Data shown -
- - -

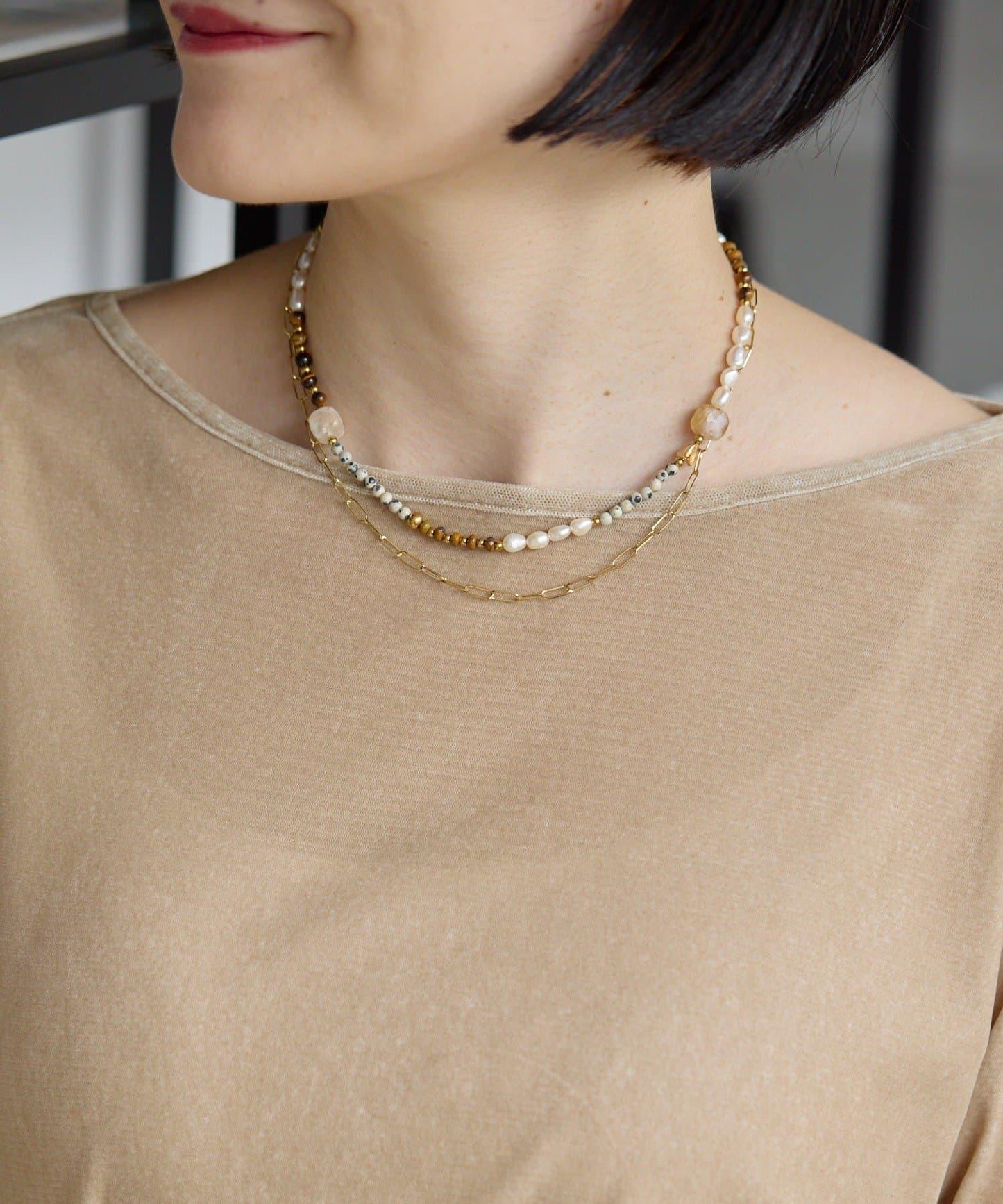 《金屬過敏適用/不鏽鋼》天然石×鏈條套裝項鍊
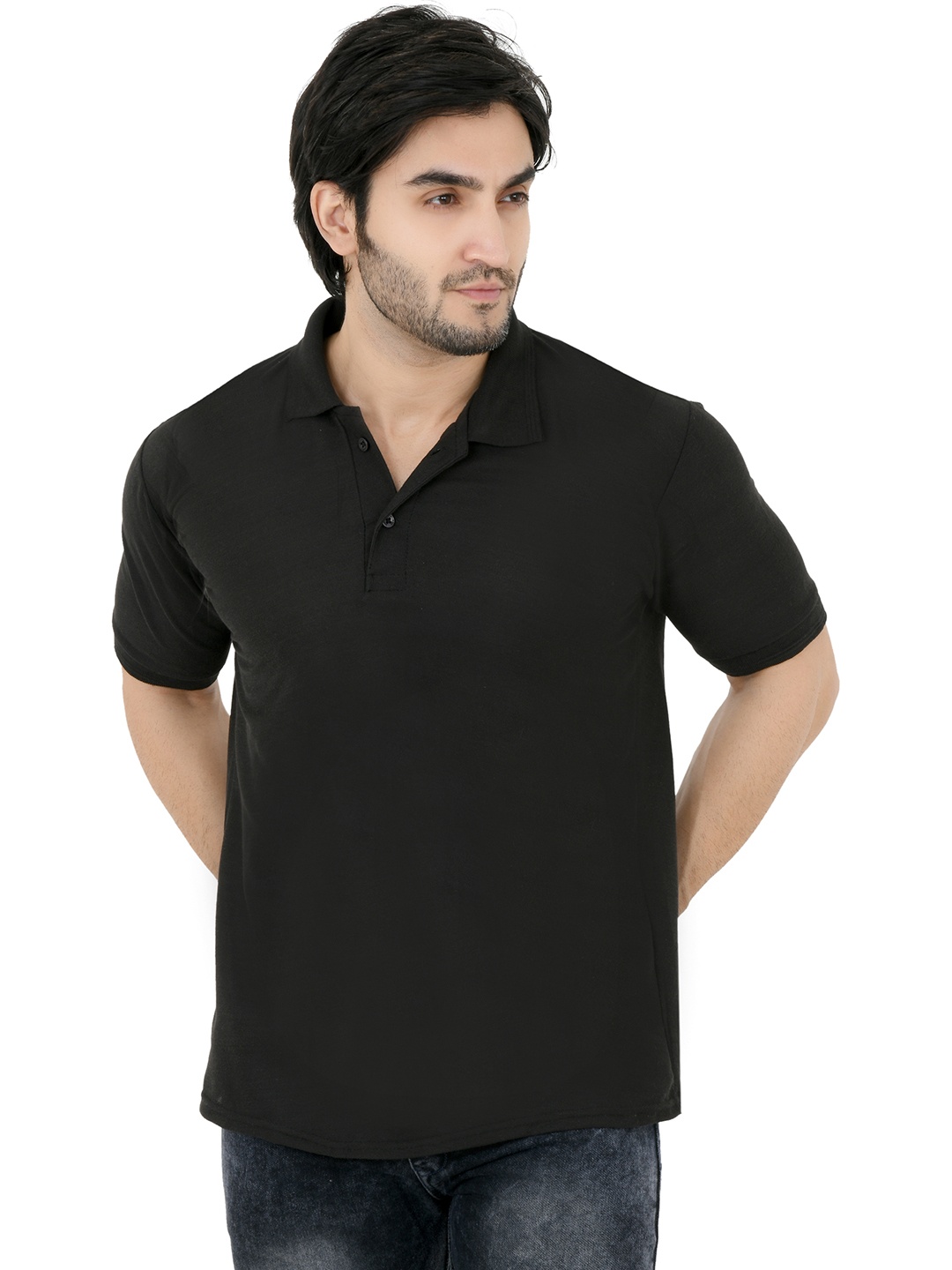 

BAESD Polo Collar Short Sleeves Casual T-shirt, Black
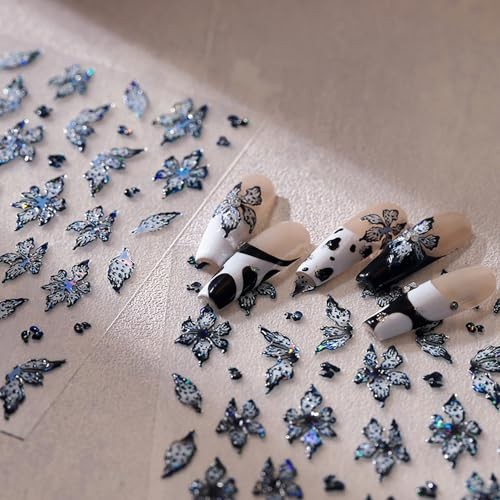 1 Sheets Embossed Flower Nail Stickers For Nail Art Holographic Laser Spring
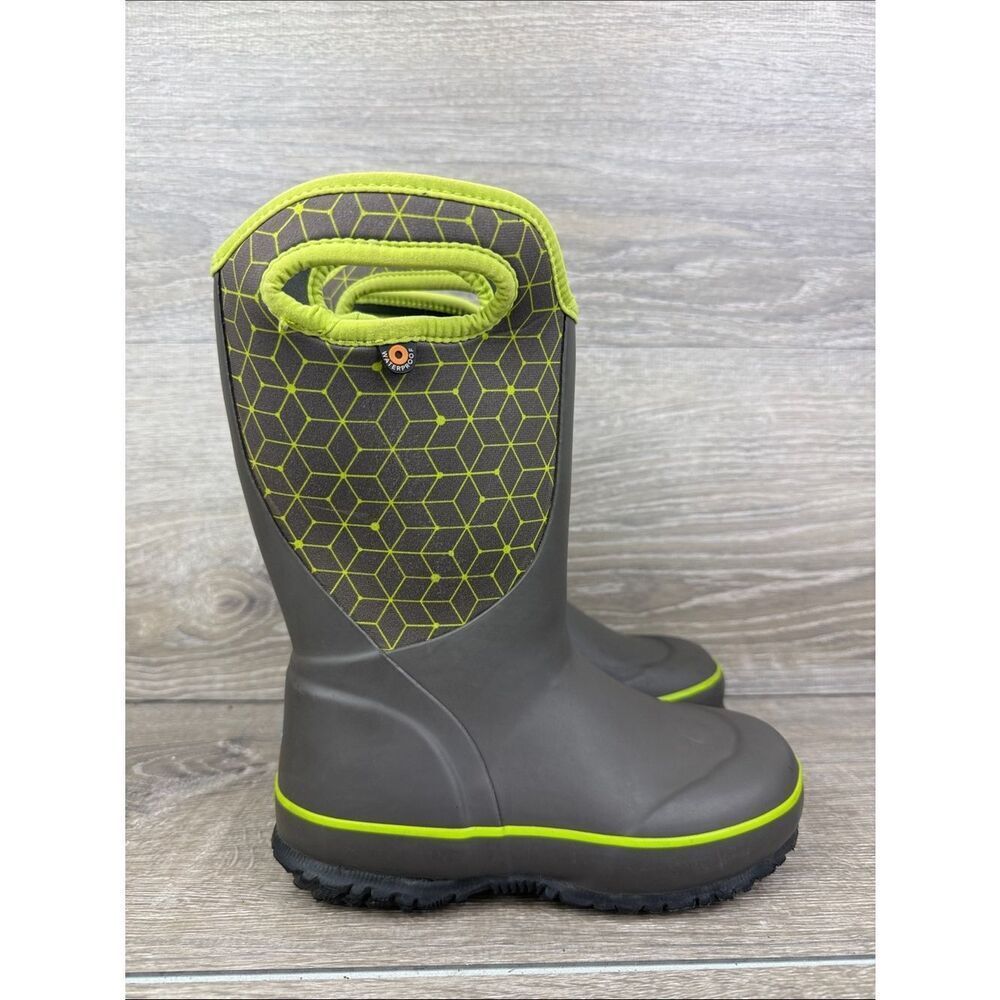 Bogs Waterproof-4f Slushie Web Geometric  Little Boy Sz 13 Gray Green Rain Boots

- - -

Try it - Make an exact copy of the listing. Leave its pictures out.

Solution below -
 《金屬過敏適用/不鏽鋼》天然石×鏈條套裝項鍊

BAESD Polo Collar Short Sleeves Casual T-shirt, Black
 1 Sheets Embossed Flower Nail Stickers For Nail Art Holographic Laser Spring
 Bogs Waterproof-4f Slushie Web Geometric  Little Boy Sz 13 Gray Green Rain Boots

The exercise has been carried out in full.